The three men, along with the Lobster Institute’s assistant director, Cathy Billings, met at the Seal Harbor town wharf on July 28 to deploy the first habitat mooring to come off the production line. The prototype mooring was donated to the town of Mount Desert and will be studied over the next three years by UMO scientists for its effectiveness as habitat.

Also on hand for the Seal Harbor gathering was Mount Desert harbormaster Shawn Murphy to accept the donation of the mooring, to be used to secure the town’s “no wake” buoy at the entrance of the harbor. Barge owners Matt Knox and Terry Johnson deployed the habitat mooring and took up the “no wake” buoy’s old granite block.

The first habitat mooring is a smooth concrete block that weighs 4,000 pounds. It is penetrated by tunnels and channels of various diameters.

“Normally, moorings are just smooth blocks of granite or concrete,” said Bricknell. “But with these enhanced habitat structures, we believe these moorings will support two or three adult and juvenile lobsters and, of course, the food animals that they need – small crabs, crustaceans, mollusks like mussels and small oysters.”
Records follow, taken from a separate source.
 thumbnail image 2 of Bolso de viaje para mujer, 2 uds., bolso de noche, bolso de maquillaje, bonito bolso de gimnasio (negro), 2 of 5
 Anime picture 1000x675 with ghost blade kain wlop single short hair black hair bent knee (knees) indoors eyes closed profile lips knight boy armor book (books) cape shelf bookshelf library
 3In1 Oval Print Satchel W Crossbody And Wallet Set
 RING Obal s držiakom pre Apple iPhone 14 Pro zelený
A graduate student from UMO will begin to study the effectiveness of the concept when he dives down to the mooring in a month or so, said Bricknell. The information collected over the next three years, he said, will inform the enhancement of future structures.

“The potential of these structures to be a standard mooring type is huge,” he said. “Looking around the harbor here, I can see several hundred buoys which are really just blocks of granite or blocks of concrete. And they work very well. But they don’t provide anything to the habitat. They probably remove something from the habitat, because they sit on the sediment and what was there is unavailable to animals.”
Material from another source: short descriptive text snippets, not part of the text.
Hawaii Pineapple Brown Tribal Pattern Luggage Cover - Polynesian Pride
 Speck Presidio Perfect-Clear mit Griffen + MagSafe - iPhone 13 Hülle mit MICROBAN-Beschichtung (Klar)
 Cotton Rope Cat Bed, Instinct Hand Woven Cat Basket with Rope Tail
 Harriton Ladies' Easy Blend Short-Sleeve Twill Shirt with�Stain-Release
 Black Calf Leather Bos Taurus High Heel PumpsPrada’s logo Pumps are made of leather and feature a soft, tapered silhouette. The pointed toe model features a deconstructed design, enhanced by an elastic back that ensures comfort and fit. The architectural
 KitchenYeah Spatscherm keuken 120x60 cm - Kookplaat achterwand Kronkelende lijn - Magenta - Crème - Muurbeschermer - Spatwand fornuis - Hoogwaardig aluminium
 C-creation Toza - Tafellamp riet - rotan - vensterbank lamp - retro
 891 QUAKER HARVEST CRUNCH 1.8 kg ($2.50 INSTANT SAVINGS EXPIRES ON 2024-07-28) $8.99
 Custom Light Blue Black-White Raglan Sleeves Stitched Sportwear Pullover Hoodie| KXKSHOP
Research shows that about 15 percent of lobsters don’t have a home, which is usually a burrow, Bricknell said. These lobsters are vulnerable to predation and have less breeding success, he said. The new habitat mooring can potentially help with that situation, thus boosting the breeding population, he said.

The structures are potentially useful for other sea creatures and marine industries as well, Bricknell said. The structure, he said, has drawn interest from Maine’s aquaculture industry as a vehicle that could potentially enhance biodiversity around fish and shellfish farms.

The structure also has potential as a nursery for larval lobsters, he said.

“We can give larval lobsters a boost in life,” he said, “because we can adjust the apertures for tiny lobsters and give them an advantage in life over the first two or three years that they wouldn’t have if they were just put on the ocean floor, where they have to fight for habitat with all the rest of the lobsters out there. So we can put these in, seed them, and we should get much better survival with the seeded lobsters. So there are a lot of advantages to this – and they work quite well as a boat mooring, too.”

The mooring can be modified to suit other types of sea creatures, he said. For example, a more open interior would be best suited to provide a nursery for juvenile urchins. The surface can be textured with, for example, crushed oyster shells, which makes an excellent substrate for juvenile oysters.

Hardison worked for several advertising agencies in New York City for many years before moving to upstate New York to pursue his lifelong interest in nature and the environment. He started a small company that manufactured and marketed bird feeders and garden-related products. A self-taught inventor, Hardison designed, patented and registered a number of bird- and garden-related products, which have been solid through a number of major retailers.

According to literature provided by Hardison, for the past five years, he has closely followed what he sees as “the convergence of three issues of national importance: climate change, energy transformation and food security.” The habitat mooring, the literature says, “speaks to each of these three issue.”

More specifically, he said in Seal Harbor, the buoy mooring is a small-scale version of a larger concept he has in mind for large habitat structures to use in conjunction with offshore wind turbines.

The size of the prototype structure, he said, was based on the advice of Hamilton Marine president Wayne Hamilton.

“It’s a good, general-duty size for inner harbor, Maine waters and harbors,” Hardison said.

The tooling for the 4,000-pound block can be used for structures ranging in size from 2,000 pounds to 6,500 pounds, he said.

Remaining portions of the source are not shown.